Liam was nearly beside himself. “Of all the filthy, stupid, rotten luck,” he ranted, “and for it to come from that lowlife dimwit Willie, if I live to be a thousand years old I’ll never …”
“Be quiet!” said Crazy Horse sharply, his voice sobering Liam like a pail of freezing water on his head. Wondering if it had all just gotten to be too much for the veteran warrior, Liam watched as he sat down in the middle of the little room’s floor with his legs crossed and his arms folded on his chest, his eyes closing as he began to keen something under his breath … was that the Sioux language? Oblivious to Liam’s presence and indeed to everything around him, Crazy Horse just sat there chanting incomprehensibly in a barely audible voice, rocking back and forth so slowly that the movement was almost imperceptible …
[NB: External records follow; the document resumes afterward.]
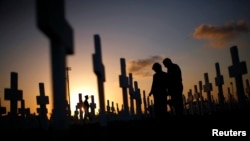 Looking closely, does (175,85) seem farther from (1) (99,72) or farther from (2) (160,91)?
(1) (99,72)

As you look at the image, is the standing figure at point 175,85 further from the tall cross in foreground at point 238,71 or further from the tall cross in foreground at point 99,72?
the tall cross in foreground at point 238,71

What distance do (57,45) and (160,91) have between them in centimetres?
364

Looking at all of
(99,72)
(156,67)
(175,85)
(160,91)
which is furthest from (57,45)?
(99,72)

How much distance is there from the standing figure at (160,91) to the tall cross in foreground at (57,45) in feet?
10.6

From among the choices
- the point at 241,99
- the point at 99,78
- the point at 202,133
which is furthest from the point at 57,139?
the point at 241,99

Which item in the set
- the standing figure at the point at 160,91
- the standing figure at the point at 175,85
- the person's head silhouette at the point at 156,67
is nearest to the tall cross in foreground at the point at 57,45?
the person's head silhouette at the point at 156,67

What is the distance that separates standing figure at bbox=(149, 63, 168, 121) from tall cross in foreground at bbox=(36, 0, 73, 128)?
325 cm

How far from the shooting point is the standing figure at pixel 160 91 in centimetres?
803

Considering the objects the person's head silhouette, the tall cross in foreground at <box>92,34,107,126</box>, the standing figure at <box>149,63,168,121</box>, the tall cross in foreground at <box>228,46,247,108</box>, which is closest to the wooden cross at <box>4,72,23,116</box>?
the tall cross in foreground at <box>92,34,107,126</box>

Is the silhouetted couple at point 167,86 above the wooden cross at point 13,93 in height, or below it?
below

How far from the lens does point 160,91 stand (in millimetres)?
8094

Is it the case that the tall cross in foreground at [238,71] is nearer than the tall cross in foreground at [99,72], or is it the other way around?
the tall cross in foreground at [99,72]

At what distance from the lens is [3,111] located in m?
20.5

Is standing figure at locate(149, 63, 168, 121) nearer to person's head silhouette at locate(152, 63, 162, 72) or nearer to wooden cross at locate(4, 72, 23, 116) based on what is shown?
person's head silhouette at locate(152, 63, 162, 72)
As the chanting continued, Liam began to feel increasingly uncomfortable, overcome by an incipient nausea mixed with a feeling of vertigo and a persistent sense that his eyes were going out of focus. Suddenly, for one totally unhinged second the world just seemed to stop … then Crazy Horse winked out like a candle, vanishing completely. No, wait, not completely—now, on the spot where he had been sitting, there was a small, dark scorpion, its tail curling and straightening over its back as if it were flexing the thing. Then, as abruptly as it had appeared, it ran through the gap under the guardroom door and disappeared.
Liam sat down hard on the chair behind the guard’s desk, shaking his head and wondering if something inside it had just blown out and left him in the grip of some sort of brain fever. More worried by that thought than anything that had happened so far, Liam laid his head down on his arms and closed his eyes. Perhaps when he opened them again it would all have gone away …
A brief interval passed, he had no real idea how long. Then the door was unlocked from the outside and Crazy Horse entered hastily, holding their two pistols and the sheaf of telegrams in his hand.
“Bozhe moi!” he said incredulously. “Are you trying to become some sort of monster of sang froid, sitting there napping while I run around taking care of things?”
Liam stood up, shaking his head stupidly and opening and closing his mouth like a beached fish.
“By God, you’d better explain all this to me,” he said finally.
Crazy Horse just rolled his eyes, grabbed Liam by the arm and dragged him into the hall, where the aide-de-camp was lying on the floor with his hand clutching the side of his neck, his eyes staring into nothingness with an expression of stark terror.
“Poor man seems to be suffering from a scorpion bite,” Crazy Horse said. “Come on, we’re going to have to leg it.”
As the two of them ran out the front door Crazy Horse whistled sharply between his teeth and immediately a troika jingled towards them out of the snow. Liam and Crazy Horse jumped in.
“Boris and Gleb Square!” Crazy Horse shouted to the driver. “A gold ruble if you make it in less than ten minutes!”
The driver grinned at them out of his mound of furs and shubki: “For a gold ruble, Your Honor, I will put you there in less than five minutes!”
With a crack of the whip and a din of sleigh bells, the troika whizzed away through the thickening snow.